Blog

The Real Cost of a Decision: Latency Budgets in Bidding

A bid is a decision made against a stopwatch. Exceed the latency budget and the auction closes without you. Here's where the milliseconds go, why a sub-50ms target shapes the whole architecture, and why in-path ML has to fit inside it.

Author: Ad360 engineering
Discipline: Platform engineering

Every other consideration in bidding — eligibility, targeting, pacing, the model — assumes one thing that is almost never stated out loud: that the decision arrives in time. A bid is not just a decision; it is a decision made against a stopwatch. The exchange opens an auction, waits a fixed window, and closes it. Miss the window and your bid simply does not exist, no matter how perfect it would have been. Latency is not a performance nicety. It is the boundary inside which all other intelligence must fit.

This is the constraint that quietly shapes a bidder's entire architecture, and the one most "smart bidding" conversations ignore. So let's make it explicit: where do the milliseconds go, what is the budget, and why does it govern everything else?

The budget is real, and it is small

The bidder runs against a sub-50ms target — the time it has to receive a request, decide, and respond before the exchange stops listening. That is the outer wall. In practice, production telemetry shows the system operating well inside it: per-request processing time for requests with ads sits largely in the 1–5ms range, with occasional spikes into the low tens of milliseconds (around ~22ms) clustered at top-of-hour load.

Bidder request processing time for requests with ads — Per-request processing time for requests with ads — largely in the 1–5ms range against a sub-50ms target, with occasional top-of-hour spikes. · Ad360

Two things are worth noticing in that profile. First, the typical case is far under the limit — headroom is deliberate, because the budget must hold even under load. Second, the spikes are not random; they cluster when many campaigns refresh at once. A latency budget is not a single number you meet on average. It is a tail you must respect even on your worst-timed millisecond.

Why exceeding it is catastrophic, not costly

In most software, slow is annoying. In bidding, slow is binary. Cross the budget and the exchange times out: the bid never lands, the impression is lost, and from the outside it looks identical to a deliberate no-bid. The damage compounds — timeouts depress win rate and delivery directly, and they do so silently, because a timed-out bid leaves no trace of the good decision it would have been.

This is why latency is the hidden cause behind a class of delivery problems that look like targeting or pacing issues.
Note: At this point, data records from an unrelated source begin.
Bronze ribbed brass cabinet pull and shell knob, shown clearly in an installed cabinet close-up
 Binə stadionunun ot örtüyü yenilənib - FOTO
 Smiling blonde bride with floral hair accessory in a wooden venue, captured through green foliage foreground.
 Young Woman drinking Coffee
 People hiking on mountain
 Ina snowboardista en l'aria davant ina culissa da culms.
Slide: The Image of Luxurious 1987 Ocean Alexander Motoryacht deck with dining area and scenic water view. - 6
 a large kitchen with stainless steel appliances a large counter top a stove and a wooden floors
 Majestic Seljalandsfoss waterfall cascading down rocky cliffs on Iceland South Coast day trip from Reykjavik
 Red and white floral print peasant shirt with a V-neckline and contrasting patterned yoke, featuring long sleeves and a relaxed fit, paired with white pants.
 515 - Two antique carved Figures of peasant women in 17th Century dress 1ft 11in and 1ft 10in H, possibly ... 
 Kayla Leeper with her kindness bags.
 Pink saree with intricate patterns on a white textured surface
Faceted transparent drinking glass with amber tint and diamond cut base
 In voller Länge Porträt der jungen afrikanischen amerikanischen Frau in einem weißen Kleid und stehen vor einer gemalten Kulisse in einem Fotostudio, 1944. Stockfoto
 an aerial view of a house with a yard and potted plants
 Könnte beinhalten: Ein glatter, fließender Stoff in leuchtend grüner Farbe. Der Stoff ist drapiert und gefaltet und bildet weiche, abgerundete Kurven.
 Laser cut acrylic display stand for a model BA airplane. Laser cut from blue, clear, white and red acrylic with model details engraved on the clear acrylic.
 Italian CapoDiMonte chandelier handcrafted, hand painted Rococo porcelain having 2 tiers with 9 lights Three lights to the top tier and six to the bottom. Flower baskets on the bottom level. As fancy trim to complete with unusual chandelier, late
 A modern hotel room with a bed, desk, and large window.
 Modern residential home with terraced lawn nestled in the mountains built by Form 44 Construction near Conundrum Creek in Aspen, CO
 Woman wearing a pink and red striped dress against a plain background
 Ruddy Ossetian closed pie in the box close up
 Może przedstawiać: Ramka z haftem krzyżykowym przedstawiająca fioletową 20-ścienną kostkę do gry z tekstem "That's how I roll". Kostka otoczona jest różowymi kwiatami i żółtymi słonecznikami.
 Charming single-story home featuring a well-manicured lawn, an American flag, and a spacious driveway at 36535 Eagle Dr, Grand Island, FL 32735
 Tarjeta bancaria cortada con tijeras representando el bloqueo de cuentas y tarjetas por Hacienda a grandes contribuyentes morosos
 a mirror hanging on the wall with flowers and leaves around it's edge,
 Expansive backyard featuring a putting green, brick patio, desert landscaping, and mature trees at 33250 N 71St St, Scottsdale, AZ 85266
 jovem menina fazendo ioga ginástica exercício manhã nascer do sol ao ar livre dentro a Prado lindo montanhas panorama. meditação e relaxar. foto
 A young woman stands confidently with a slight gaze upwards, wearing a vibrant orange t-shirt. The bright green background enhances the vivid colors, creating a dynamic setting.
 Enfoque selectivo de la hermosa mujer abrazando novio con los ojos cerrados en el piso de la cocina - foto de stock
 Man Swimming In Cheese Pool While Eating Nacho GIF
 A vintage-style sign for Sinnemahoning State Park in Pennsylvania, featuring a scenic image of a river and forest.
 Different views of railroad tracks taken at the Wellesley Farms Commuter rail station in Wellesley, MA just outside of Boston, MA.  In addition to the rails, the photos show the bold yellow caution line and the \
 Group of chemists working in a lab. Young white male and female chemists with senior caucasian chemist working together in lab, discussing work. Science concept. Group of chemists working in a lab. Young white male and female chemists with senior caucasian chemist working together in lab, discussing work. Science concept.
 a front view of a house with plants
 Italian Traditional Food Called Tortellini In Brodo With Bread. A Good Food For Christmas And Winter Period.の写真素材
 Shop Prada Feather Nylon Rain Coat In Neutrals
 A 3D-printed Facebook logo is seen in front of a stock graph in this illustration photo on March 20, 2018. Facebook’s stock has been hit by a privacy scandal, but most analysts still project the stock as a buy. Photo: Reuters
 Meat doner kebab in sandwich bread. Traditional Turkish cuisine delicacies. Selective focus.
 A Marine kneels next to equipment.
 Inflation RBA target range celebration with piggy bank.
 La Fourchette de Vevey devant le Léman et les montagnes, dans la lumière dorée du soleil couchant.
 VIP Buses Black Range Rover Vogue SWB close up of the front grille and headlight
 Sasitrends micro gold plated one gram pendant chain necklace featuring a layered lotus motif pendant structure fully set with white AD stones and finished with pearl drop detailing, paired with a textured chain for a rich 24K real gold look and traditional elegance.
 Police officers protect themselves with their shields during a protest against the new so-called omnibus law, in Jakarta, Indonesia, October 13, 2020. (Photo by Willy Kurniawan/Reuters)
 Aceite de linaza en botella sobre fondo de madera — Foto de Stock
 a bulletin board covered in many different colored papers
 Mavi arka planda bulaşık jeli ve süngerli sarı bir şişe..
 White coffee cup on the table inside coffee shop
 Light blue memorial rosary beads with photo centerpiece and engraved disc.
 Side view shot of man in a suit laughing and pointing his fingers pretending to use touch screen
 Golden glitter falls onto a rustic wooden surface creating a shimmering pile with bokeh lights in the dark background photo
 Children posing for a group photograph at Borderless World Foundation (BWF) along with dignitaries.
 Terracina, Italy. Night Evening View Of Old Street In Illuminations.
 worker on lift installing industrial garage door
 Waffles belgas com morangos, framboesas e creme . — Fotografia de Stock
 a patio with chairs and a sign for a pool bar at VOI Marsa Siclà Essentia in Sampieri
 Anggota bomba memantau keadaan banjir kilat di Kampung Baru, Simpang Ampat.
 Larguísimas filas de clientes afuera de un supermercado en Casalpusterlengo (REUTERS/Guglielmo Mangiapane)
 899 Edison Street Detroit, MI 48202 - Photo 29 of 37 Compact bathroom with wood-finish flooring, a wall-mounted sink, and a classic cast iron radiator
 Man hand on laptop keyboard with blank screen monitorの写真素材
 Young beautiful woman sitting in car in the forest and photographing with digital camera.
A campaign can be perfectly configured and still under-deliver because its bids keep arriving a few milliseconds late. The win-rate waterfall shows you which gate loses opportunities; the latency profile tells you whether you're losing them to the clock.

How the budget shapes the funnel

Once you accept the budget as a hard wall, the architecture of the decision follows from it. The decisioning funnel is, in part, an economic ordering of compute against the clock:

Cheap, decisive filters go first. Eligibility and hard targeting constraints (creative fit, geo, device, floor) are fast to evaluate and eliminate the most candidates. Running them early shrinks the work everything downstream must do.
Expensive work goes last. Model inference is comparatively costly, so it runs near the end, on the small fraction of opportunities that survived the cheap gates. Scoring an impression the campaign was never eligible to win is pure latency waste.
In-path ML must fit inside the budget. The model cannot take a leisurely round trip; it has to return a prediction within the same millisecond envelope as everything else. That constraint drives concrete choices — a fast model class (boosted trees), preloaded models, a lean serving protocol (gRPC), horizontal scaling.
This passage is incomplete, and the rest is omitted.